DATA RECORDS Start Marker

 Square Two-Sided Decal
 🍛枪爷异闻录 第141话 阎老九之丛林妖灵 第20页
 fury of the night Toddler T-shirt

DATA RECORDS End Marker
DATA RECORDS Start Marker

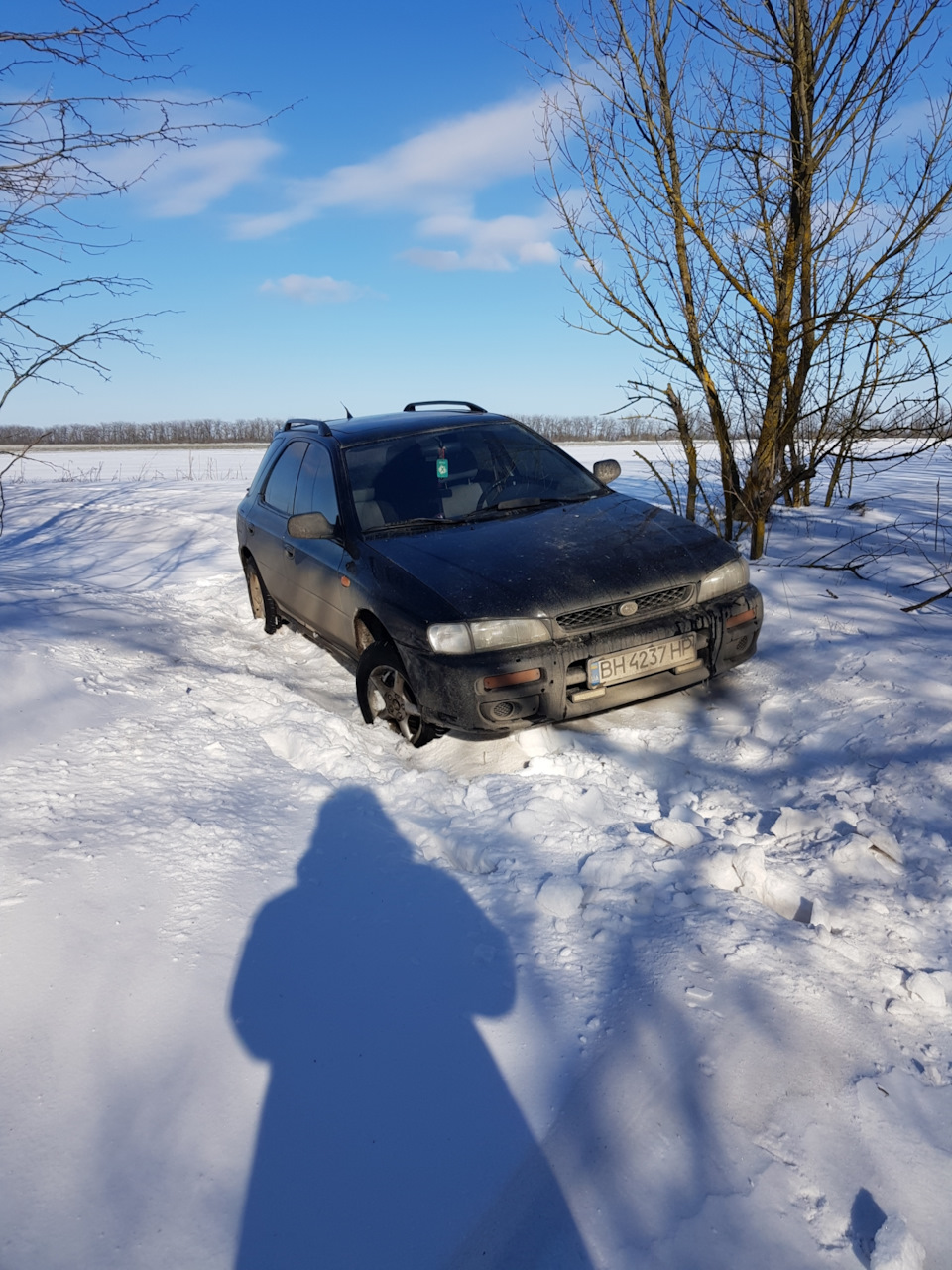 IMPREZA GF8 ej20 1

DATA RECORDS End Marker

For the lines above, output exactly those from the line containing "Square Two-Sided Decal" through the line containing "fury of the night Toddler T-shirt", and skip the others.

 Square Two-Sided Decal
 🍛枪爷异闻录 第141话 阎老九之丛林妖灵 第20页
 fury of the night Toddler T-shirt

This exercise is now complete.